**Activity:** Could you return the data below exactly as it appears?

**Source material:**

----

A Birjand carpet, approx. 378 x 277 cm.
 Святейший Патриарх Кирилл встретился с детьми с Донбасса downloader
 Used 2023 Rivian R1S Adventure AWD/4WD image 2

----

**Response box:**
A Birjand carpet, approx. 378 x 277 cm.
 Святейший Патриарх Кирилл встретился с детьми с Донбасса downloader
 Used 2023 Rivian R1S Adventure AWD/4WD image 2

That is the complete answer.